So much to think about here...

Wednesday, November 16, 2011

Ben Challum

Even on a generally dreary day in the Scottish Hills - there's something to see. Like many other people I was fooled by the wonderful weather predictions; and enthusiastically made my way to the hills to enjoy the promised temperature inversion and "superb visibility". Of course, what we actually got was traditional Scottish cloud, and icy winds. Any disappointment I felt about the weather was offset by moments such as that (sort-of) captured above - just magic!
I took the 'trade-route' up Challum's southern flanks above Kirkton Farm, skirting the farmhouse on the West Highland Way, passing the site of an ancient priory and two graveyards, before crossing the railway line into open country. Much of the ascent is fairly featureless, and is criss-crossed by fences which need to be climbed over.
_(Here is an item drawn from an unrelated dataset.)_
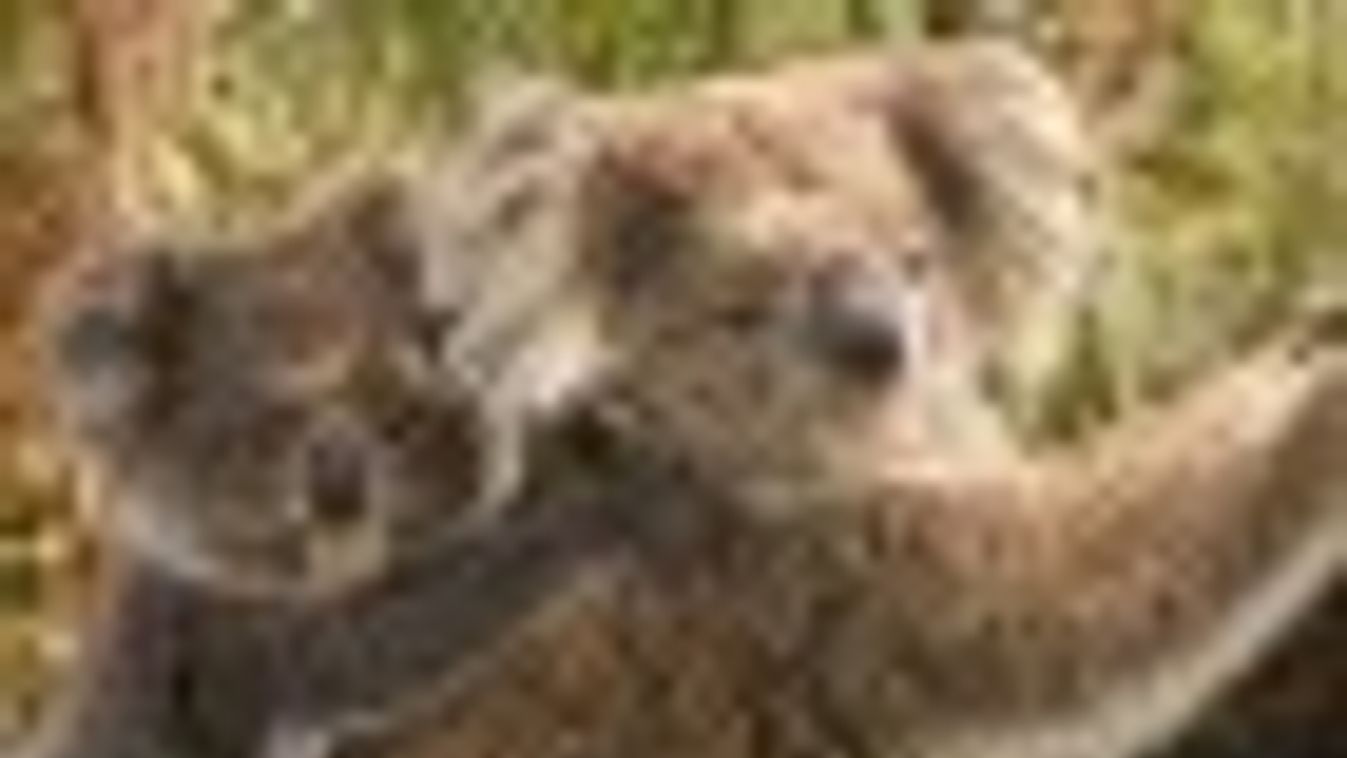 A felmelegedés miatt kihalhatnak a koalák Ausztráliában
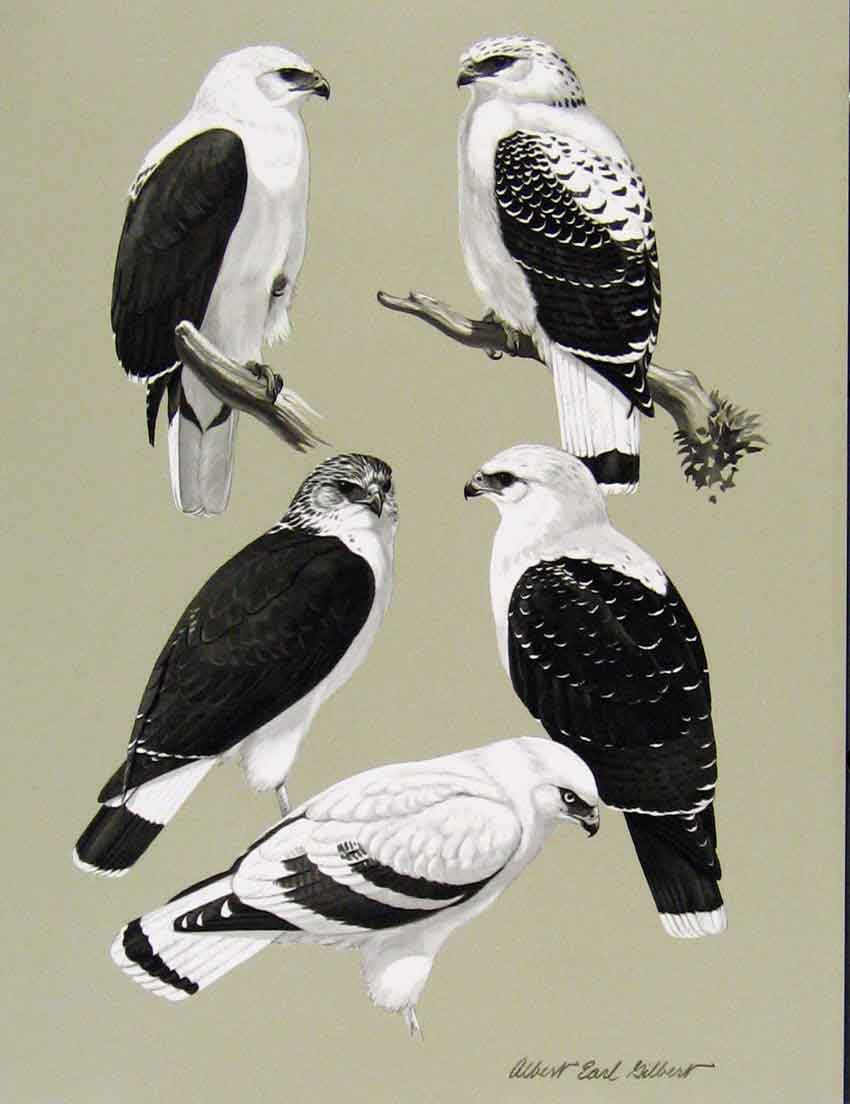 Original Old Antique Print Eagles Hawks & Falcons White Hawk Color Plate C1898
Some of the route up is marked by a row of fenceposts, with rusting strands of wire tangled around them
Earlier this year I blogged about the demise of my old walking boots. Today, my new boots were given a baptism, not so much of fire, but of mud! This photo (snapped with my phone), is of me and my new boots, out for our first proper date; at the summit of a Munro.
The summit of Ben Challum, wide, expansive, glorious views ........ not!

Every year I start thinking that this will be the one in which I really get into the mountains and walk well over 20 Munros. Today has almost certainly been the last one of the year - and my total for 2011 stands at a miserly 8. As the light from the sun dropped below the skyline (it was only mid-afternoon!), I turned round and looked back up the path towards Ben Challum. Tracks like this have a drawing power that is all their own, which seem to engage the eye and then lure the senses. I can't wait to get out again! Actually, I am quite achy after my exertions today, knees, back, joints and muscles al protesting about their working conditions. I think I need to reward it with a hot bath and a fine dram.

Tuesday, November 15, 2011

"The Parenting Children Course - Week Three": Discipline & Boundaries!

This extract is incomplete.